(Short text fragments from websites)
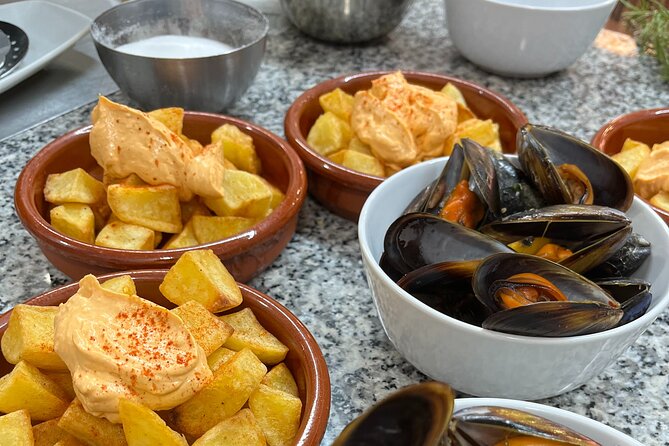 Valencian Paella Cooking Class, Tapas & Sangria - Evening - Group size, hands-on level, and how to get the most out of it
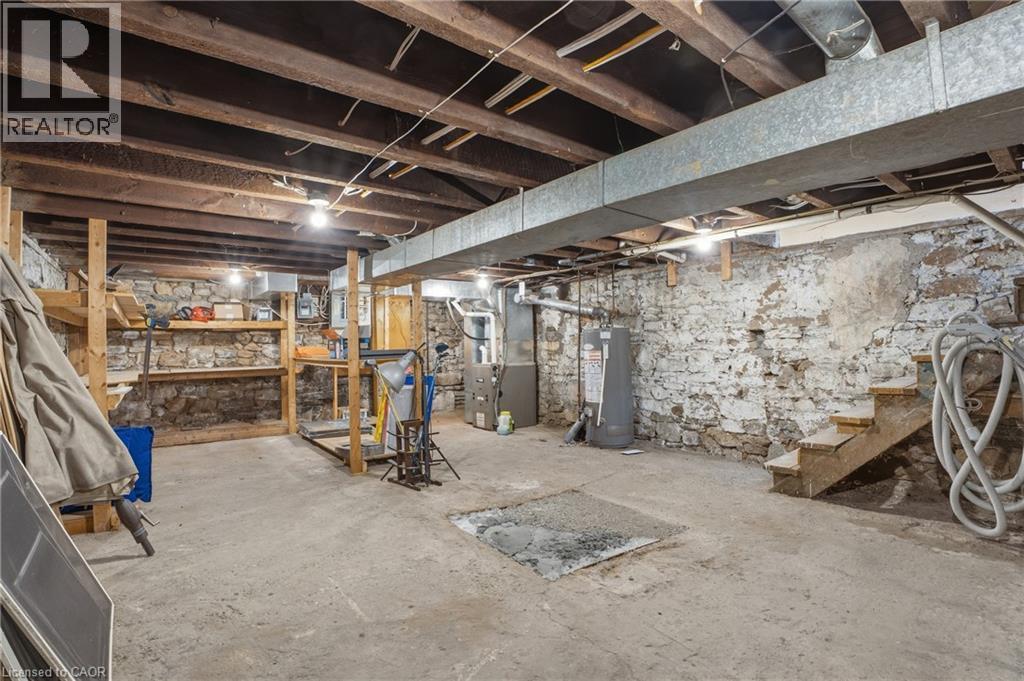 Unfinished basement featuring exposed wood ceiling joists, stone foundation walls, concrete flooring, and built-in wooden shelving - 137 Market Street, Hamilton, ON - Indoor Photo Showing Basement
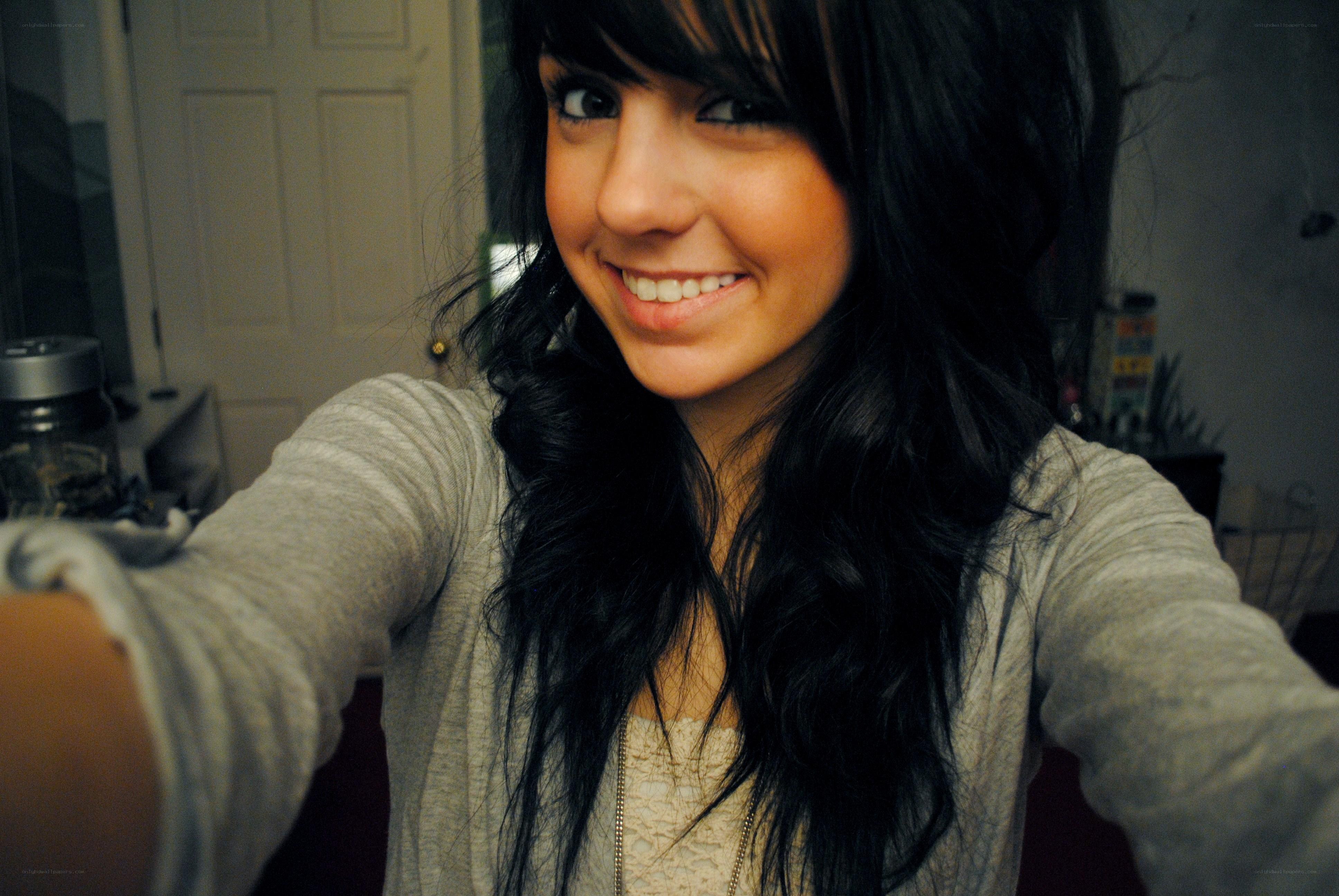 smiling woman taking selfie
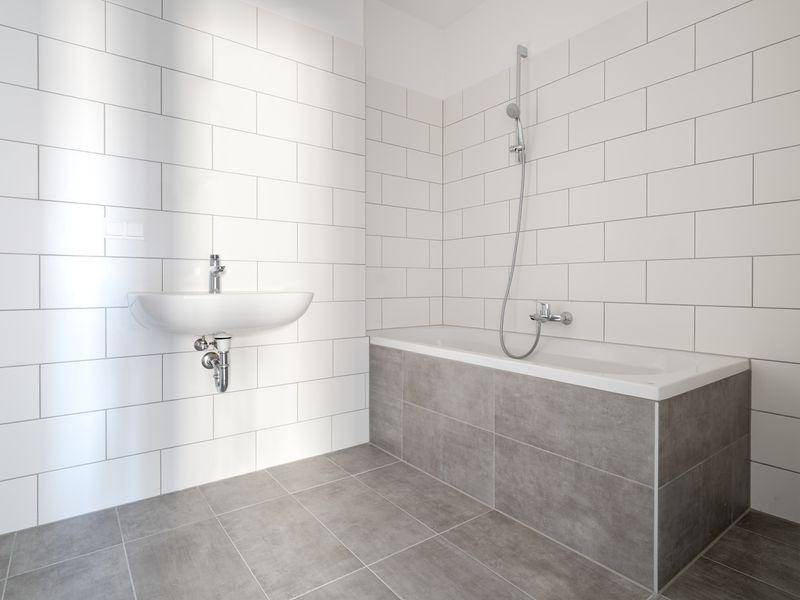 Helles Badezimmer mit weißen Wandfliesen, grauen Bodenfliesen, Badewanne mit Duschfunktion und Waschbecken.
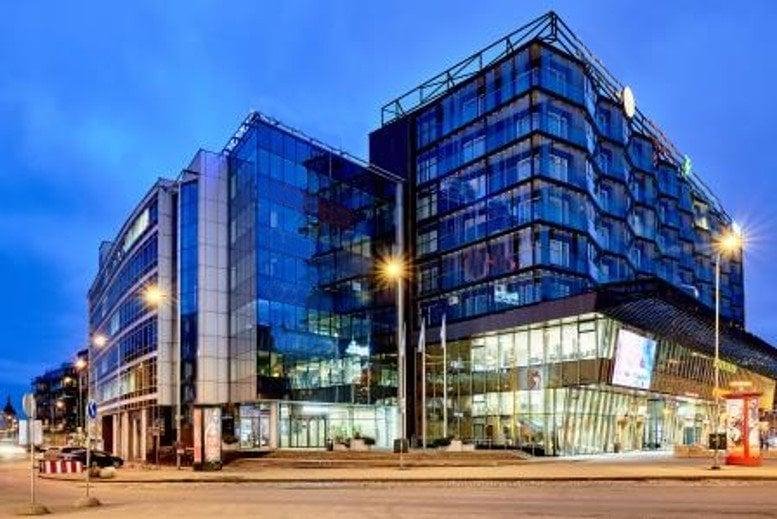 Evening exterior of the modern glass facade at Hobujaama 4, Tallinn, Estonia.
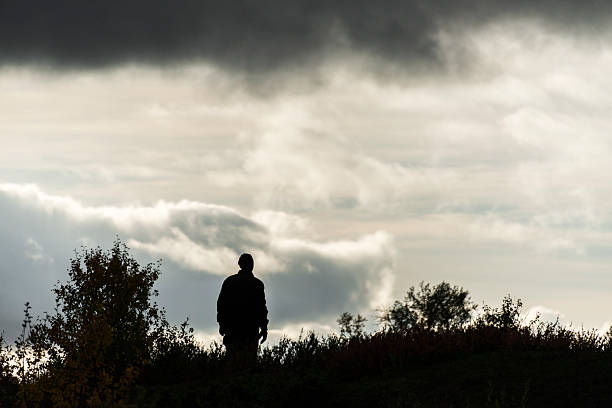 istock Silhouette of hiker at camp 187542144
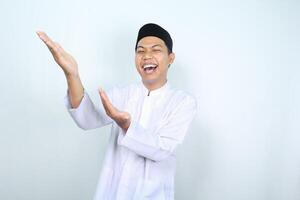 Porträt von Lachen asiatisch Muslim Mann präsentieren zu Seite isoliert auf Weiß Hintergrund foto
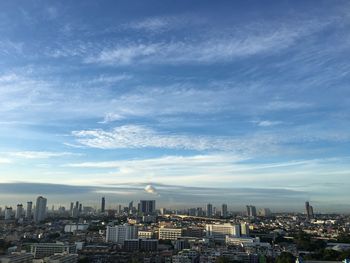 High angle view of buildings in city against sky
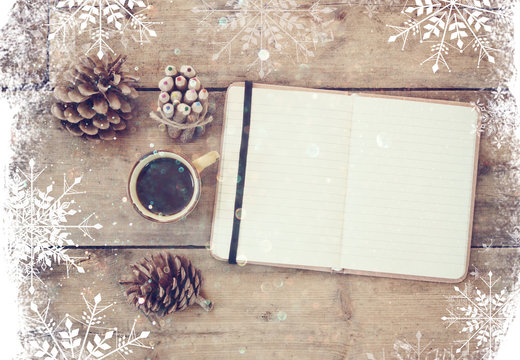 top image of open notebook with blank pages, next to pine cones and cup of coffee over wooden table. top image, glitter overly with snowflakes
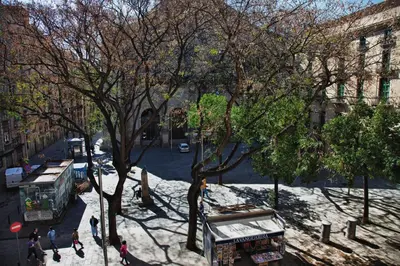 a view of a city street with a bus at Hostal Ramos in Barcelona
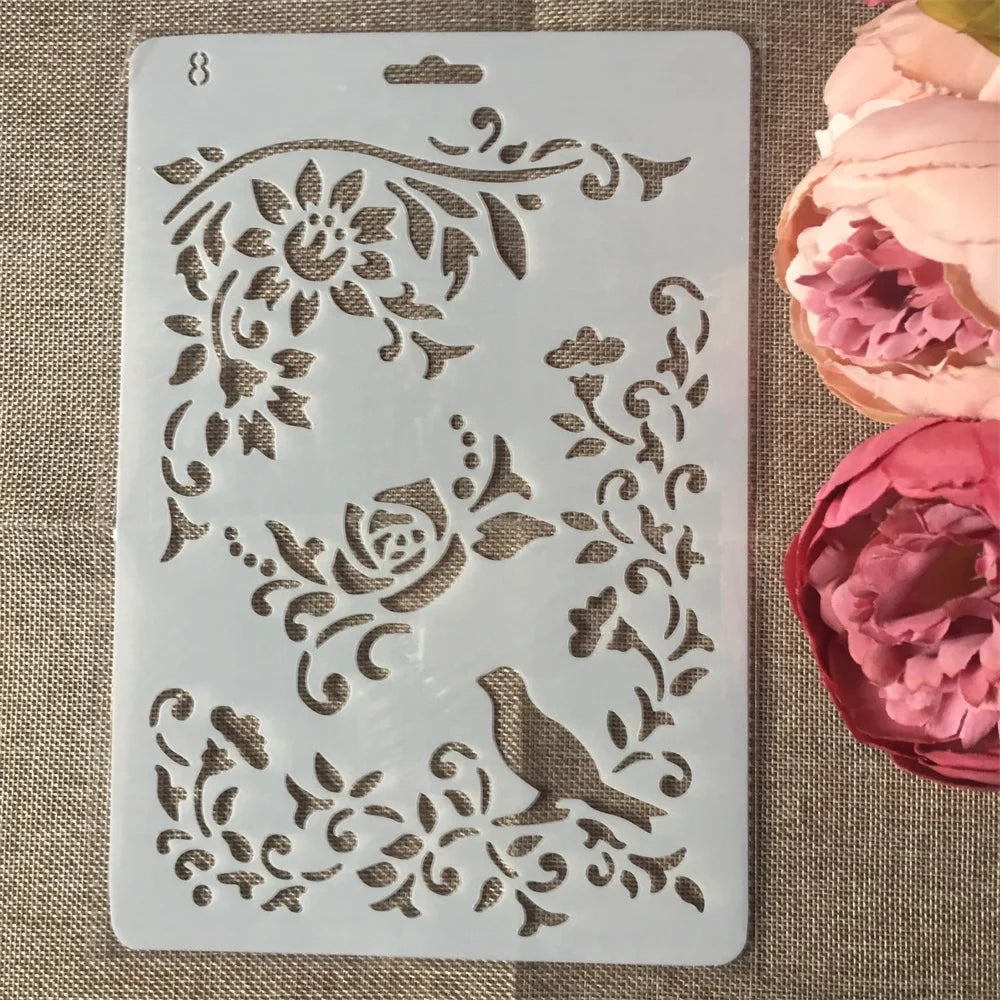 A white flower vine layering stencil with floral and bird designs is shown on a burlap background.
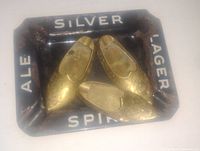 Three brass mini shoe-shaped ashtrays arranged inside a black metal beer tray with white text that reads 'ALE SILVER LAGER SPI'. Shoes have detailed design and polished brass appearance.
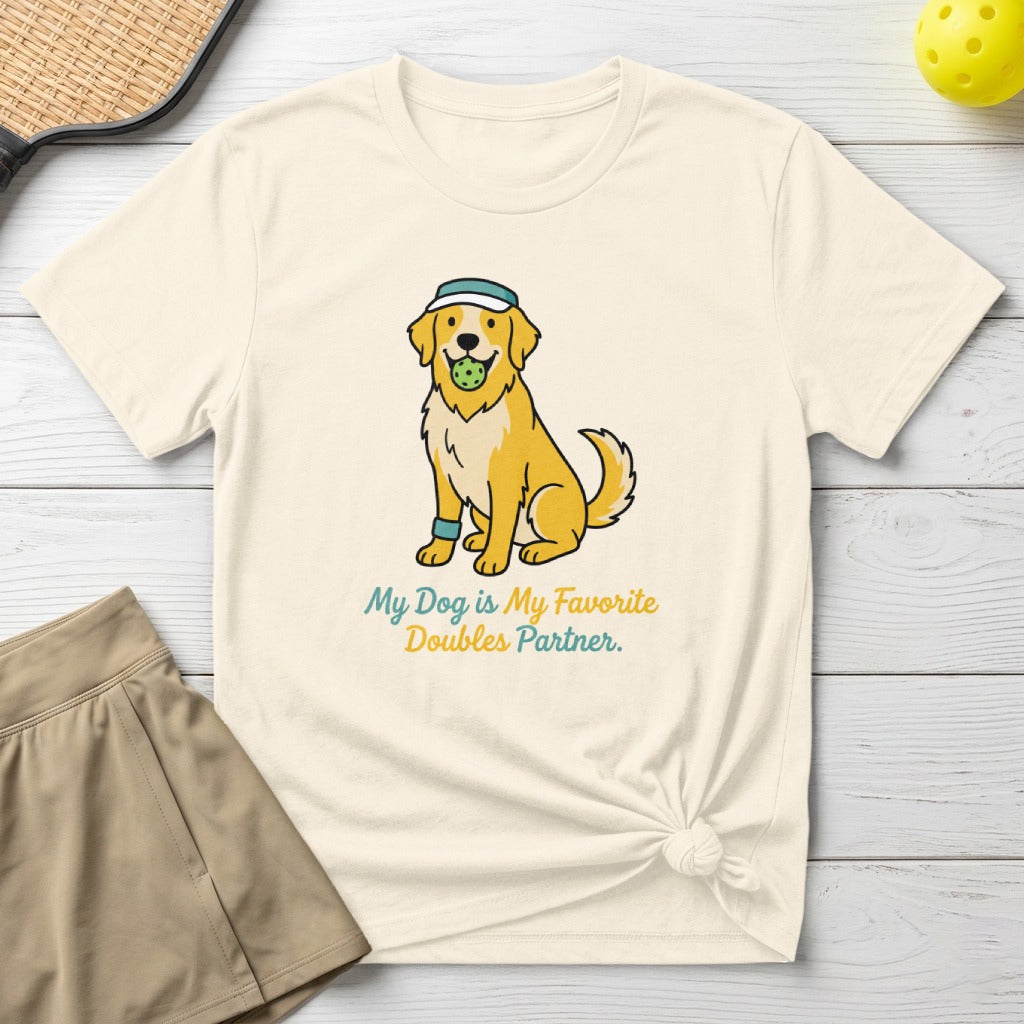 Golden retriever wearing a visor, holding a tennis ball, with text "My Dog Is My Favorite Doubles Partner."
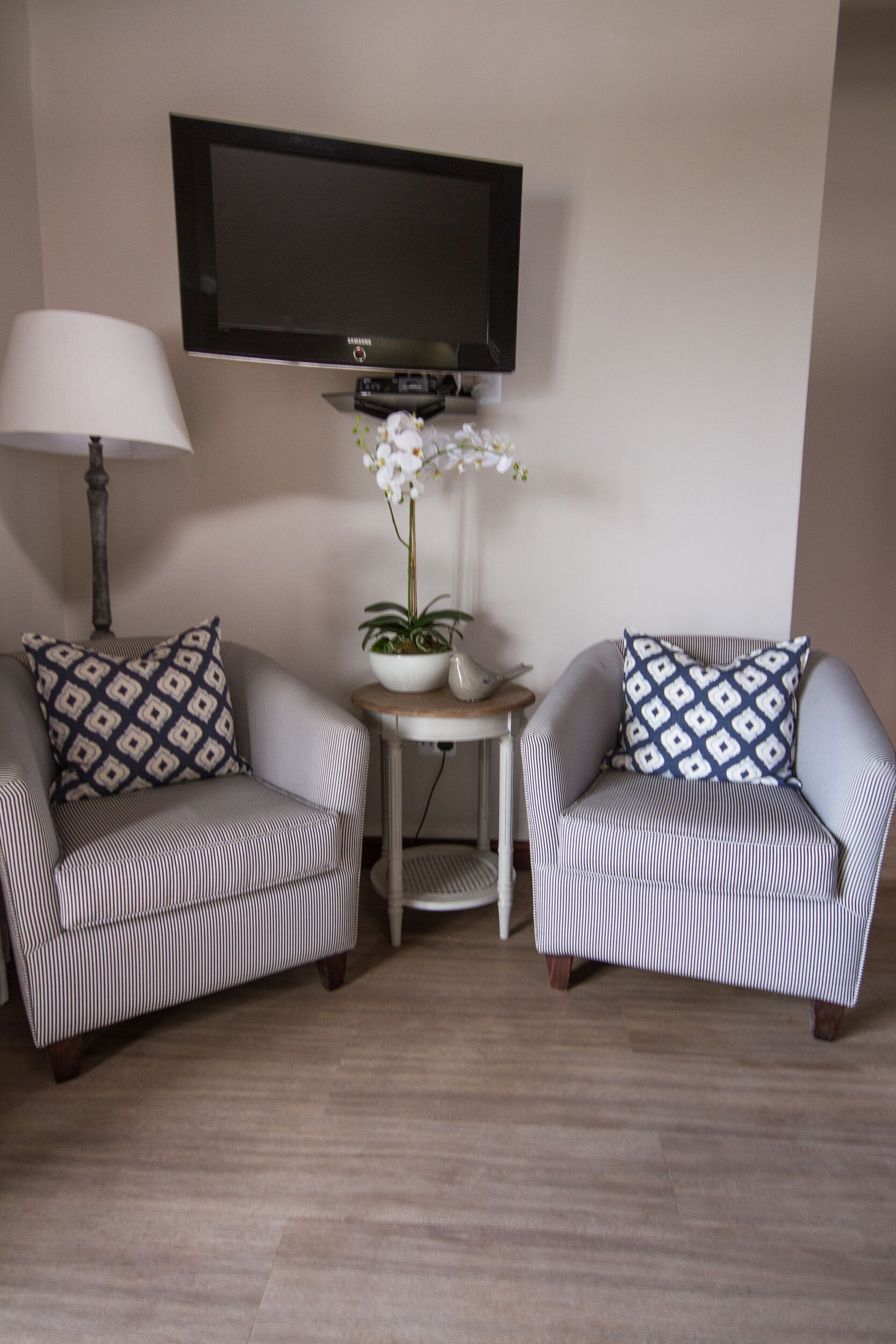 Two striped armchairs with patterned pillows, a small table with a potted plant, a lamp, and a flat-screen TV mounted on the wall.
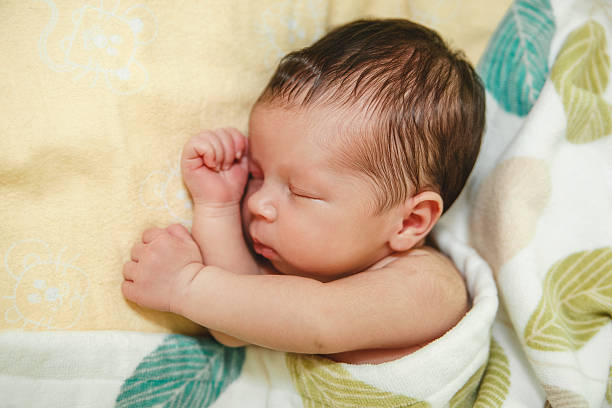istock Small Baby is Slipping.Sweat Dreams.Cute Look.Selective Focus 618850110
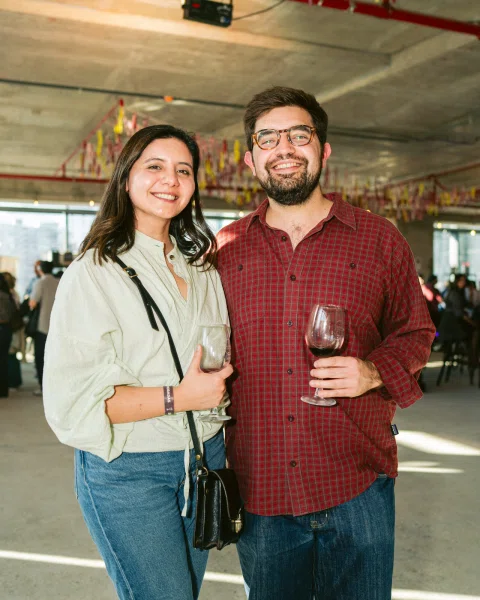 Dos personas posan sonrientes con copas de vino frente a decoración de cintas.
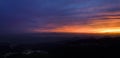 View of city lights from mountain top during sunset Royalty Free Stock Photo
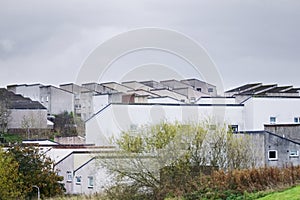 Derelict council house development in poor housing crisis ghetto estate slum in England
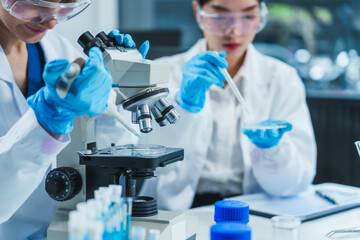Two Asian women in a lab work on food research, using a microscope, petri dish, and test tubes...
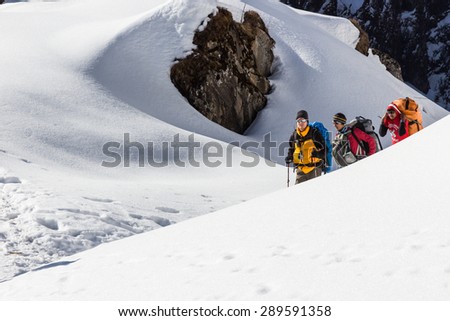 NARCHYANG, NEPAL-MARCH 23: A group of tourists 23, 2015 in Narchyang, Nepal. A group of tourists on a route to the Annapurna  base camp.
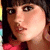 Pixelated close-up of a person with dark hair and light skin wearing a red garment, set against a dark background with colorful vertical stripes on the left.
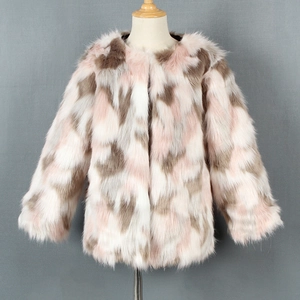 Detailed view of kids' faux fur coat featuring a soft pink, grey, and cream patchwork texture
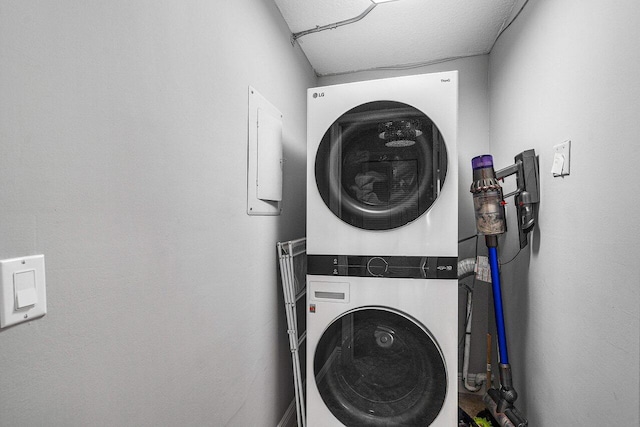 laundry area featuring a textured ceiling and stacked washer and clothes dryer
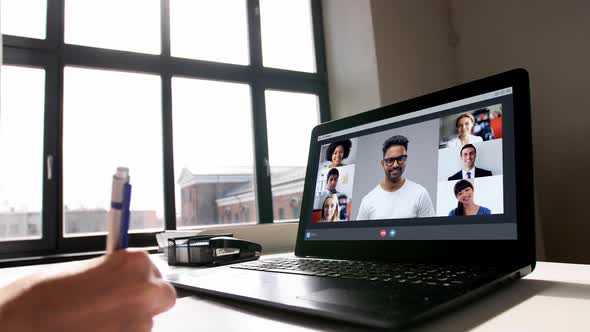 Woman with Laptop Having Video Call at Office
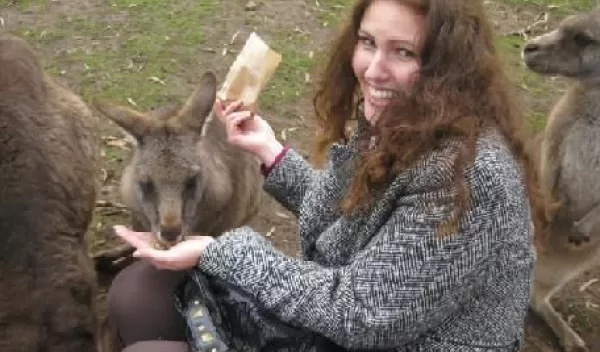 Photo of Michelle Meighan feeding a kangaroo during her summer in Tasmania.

* _Directions for this task_
From the line holding "Two striped armchairs" to the line holding "Two Asian women", both included, retype the entries above exactly and drop the pictures.

* _Task answer_
 Two striped armchairs with patterned pillows, a small table with a potted plant, a lamp, and a flat-screen TV mounted on the wall.
istock Small Baby is Slipping.Sweat Dreams.Cute Look.Selective Focus 618850110
 Dos personas posan sonrientes con copas de vino frente a decoración de cintas.
 View of city lights from mountain top during sunset Royalty Free Stock Photo
 Derelict council house development in poor housing crisis ghetto estate slum in England
Two Asian women in a lab work on food research, using a microscope, petri dish, and test tubes...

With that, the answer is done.